In a separate report on CPS handling of rape cases earlier this year, inspectors found less than 16 per cent of cases met required standards during the pre-charge decision-making phase.

Although he does not have statutory powers to enforce his recommendations, the watchdog has urged the CPS to urgently act to improve its communication with victims, who are often vulnerable and traumatised.

“I am so frustrated,” he continued. “I want this one to land, because I want everybody to know six years on, eight years on, something has to change, and the service they're receiving from the CPS at the moment is just not good enough.”

The inspector previously reviewed the CPS’s handling of the prosecution of Nottingham attacker Valdo Calocane, which sparked outrage from victims’ families after prosecutors accepted his guilty pleas to manslaughter by diminished responsibility rather than pursuing murder charges.

He said Calocane’s case highlighted the “fragmented and disjointed” nature of a victim’s journey through the justice system, adding: “Experiencing this as a victim is very confusing.”

The inspector has said the justice system is ‘fragmented and disjointed’ for victims (PA Archive)
The inspector has said the justice system is ‘fragmented and disjointed’ for victims (PA Archive)

In his annual report, which was also laid in Parliament this week, the inspector said victims are being failed by a criminal justice system that treats their support as a series of separate initiatives rather than a shared national priority.

Although the government has invested significantly in victim support, he warns that these measures are being developed in isolation across different government departments.

“I don't understand why you have to, as a victim, interact with potentially half a dozen or more [people], and that's actually potentially in a very easy case, you know. That's in a simple case.”

All too often, victims have little understanding of how the justice system works from police reports, to CPS charging decisions, to court hearings, he added, suggesting citizenship classes in schools would help increase public awareness.

Sarah Hammond, CPS lead for victims and witnesses, said: “Victims are at the heart of everything we do.

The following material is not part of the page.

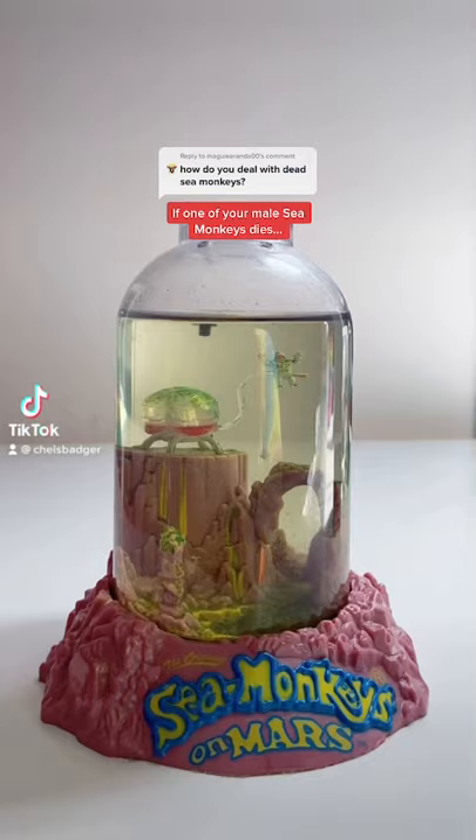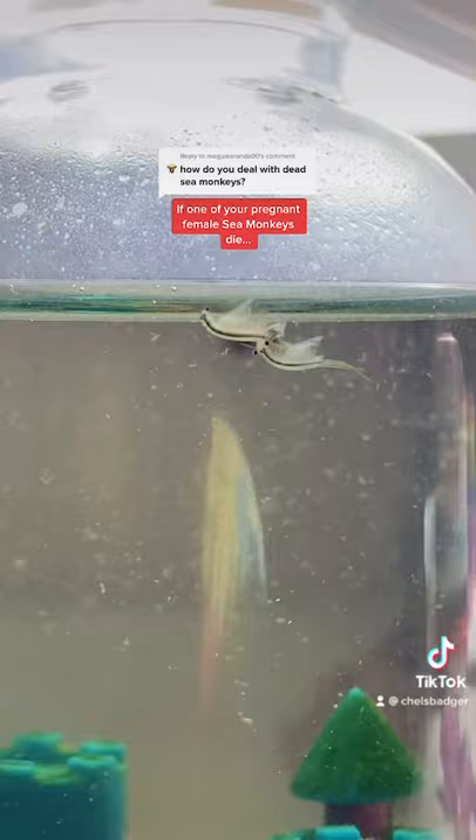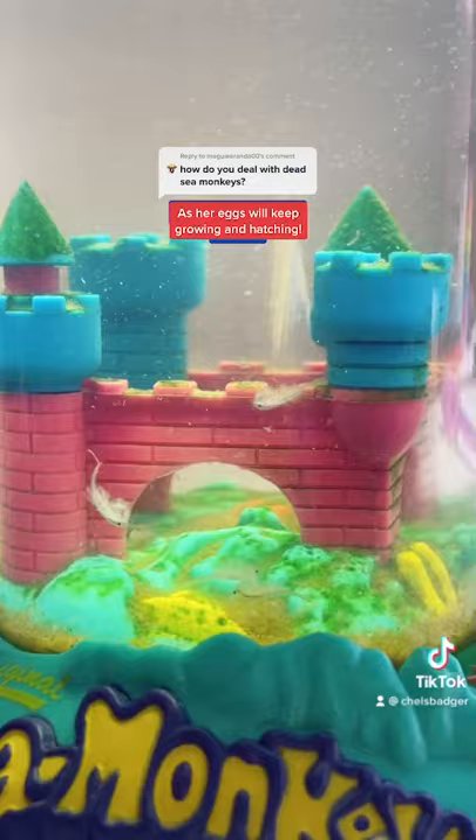If one of your male sea monkeys dies, you can remove its body from the tank by using the bubbler tool. Once removed from the tank, you can then dispose of it. If one of your pregnant female sea monkeys dies, do not remove her body, as her eggs will keep growing and hatching.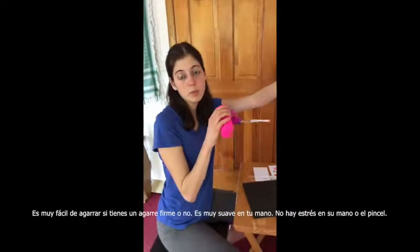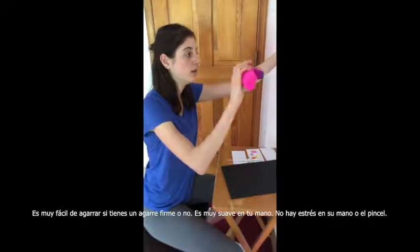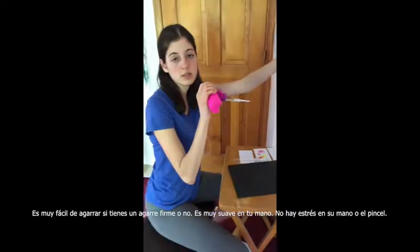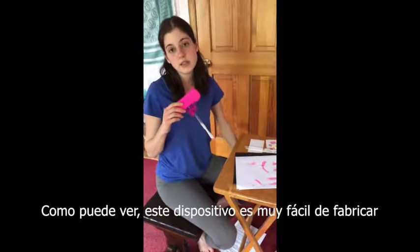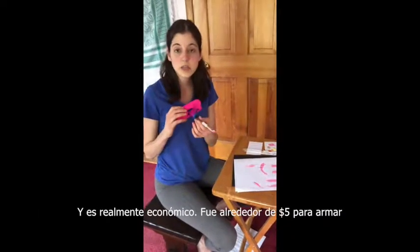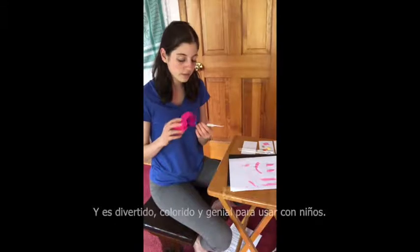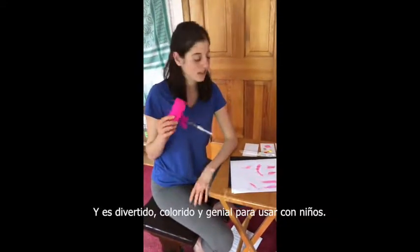It's very easy to grip whether you have a tight grip or not — very soft on your hand with no stress on the hand or the paintbrush. As you can see, this device is really easy to make, was very inexpensive at about five dollars all together, and it's fun, colorful, and great for use with kids.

Behind every charge is a person whose life has been impacted, often profoundly.

“This report recognises that while progress has been made, particularly in the empathy shown in letters to victims, it is clear there is still significant improvement needed. Work to make those improvements is already underway.

“Improving how we communicate with and support victims remains a priority, so that they feel informed, supported and at the centre of the justice process throughout.”

The Independent contacted the Ministry of Justice for comment.